Most applications spend the majority of their hardware resources on content nodes.

  • Improving query performance is made easier with new match phase profiling
    trace.profiling.matching.depth
    since Vespa 8.114. This gives insight into what’s most costly in matching your queries (ranking was already supported).
    Read more at phased-ranking.html.
  • Since Vespa 8.116, Vespa requires minimum
    Haswell microarchitecture.
    A more recent optimization target enables better optimizations and, in some cases, gives 10-15% better ranking performance.
    It is still possible to run on older microarchitectures, but then you must compile from source;
    see #25693.

Vespa start and stop script improvements

Vespa runs in many environments, from various self-hosted technology stacks to Vespa Cloud –
see multinode-systems
and basic-search-on-gke.
To support running as a non-root user inside containers with better debug support,
the vespa start/stop-scripts are now refactored and simplified –
this will also make Vespa start/stop snappier in some cases.

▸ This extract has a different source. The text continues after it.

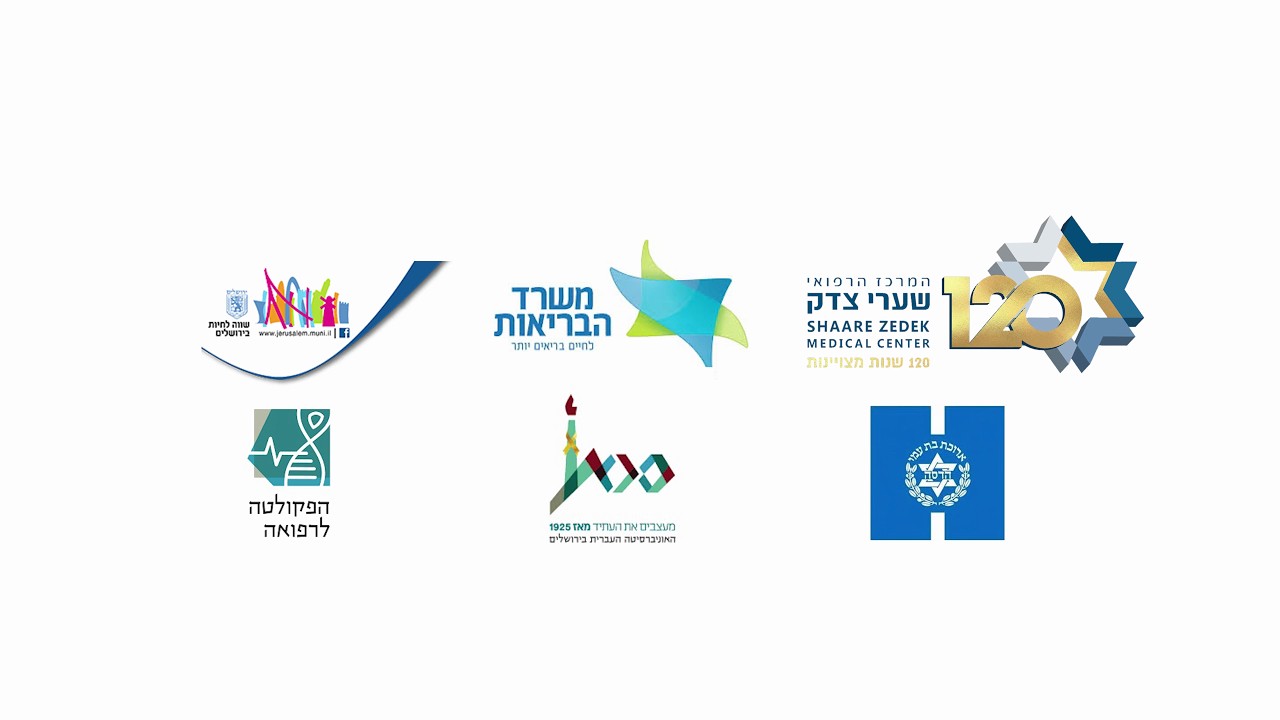 המרחב השלם ירושלים | יום הזנק - אקו רפואה | שערי צדק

Container Performance and Security

With Vespa 8.111, Vespa upgraded its embedded Jetty server from version 9.x to 11.0.13.
The upgrade increases performance in some use cases, mainly when using HTTP/2,
and also includes several security fixes provided with the Jetty upgrade.

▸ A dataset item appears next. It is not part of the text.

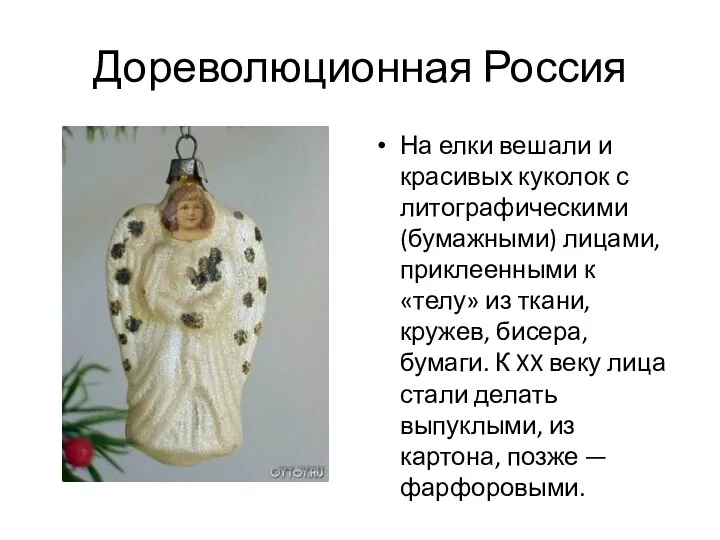 Дореволюционная Россия На елки вешали и красивых куколок с литографическими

Log settings in services.xml

During debugging, it is useful to be able to tune which messages end up in the log,
especially when developing custom components.
This can be done with the vespa-logctl tool on each node.
Since Vespa 8.100, you can also control log settings in services.xml –
see logging.
This is also very convenient when deploying on Vespa Cloud.

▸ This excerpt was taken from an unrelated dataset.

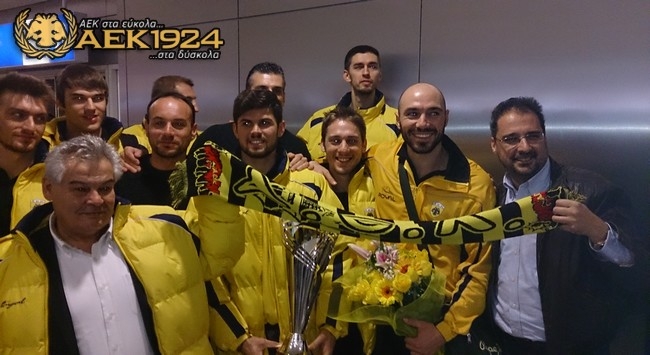 Η άφιξη της ΑΕΚ της Καρδιάς! (Pics + vids)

Vespa Cloud: Autoscaling with multiple groups

When allocating resources on Vespa Cloud
you can specify both the number of nodes and node groups you want in content clusters
(each group has one or more complete copies of all the data and can handle a query independently):

<nodes count="20" groups="2">

If you want the system to automatically find the best values for the given load, you can configure ranges:

<nodes count="[10, 30]" groups="[1, 3]">

This might lead to groups of sizes from 4 to 30, which may be fine,
but sometimes you want to control the size of groups instead?
From 8.116, you can configure group size instead (or in addition to) the number of groups:

<nodes count="[10, 30]" group-size="10">

Like the other values, group-size can also be ranges.
See the documentation.

In addition to choosing resources, a content cluster must also be configured with a redundancy –
the number of copies to keep of each piece of data in each group.
With variable groups this may cause you to have more copies than you strictly need to avoid data loss,
so since 8.116, you can instead configure the minimum redundancy:

<min-redundancy>2</min-redundancy>

The system will then ensure you have at least this many copies of the data,
but not make more copies than necessary in each group.

Vespa Cloud: Separate read/write data plane access control

When configuring the client certificate to use for your incoming requests (data plane) on Vespa Cloud,
you can now specify whether each certificate should have read- or write-access or both.
This allows you to e.g., use one certificate for clients with read access while having another –
perhaps less distributed – certificate for write access.
See the Security Guide
for more details on how to configure it.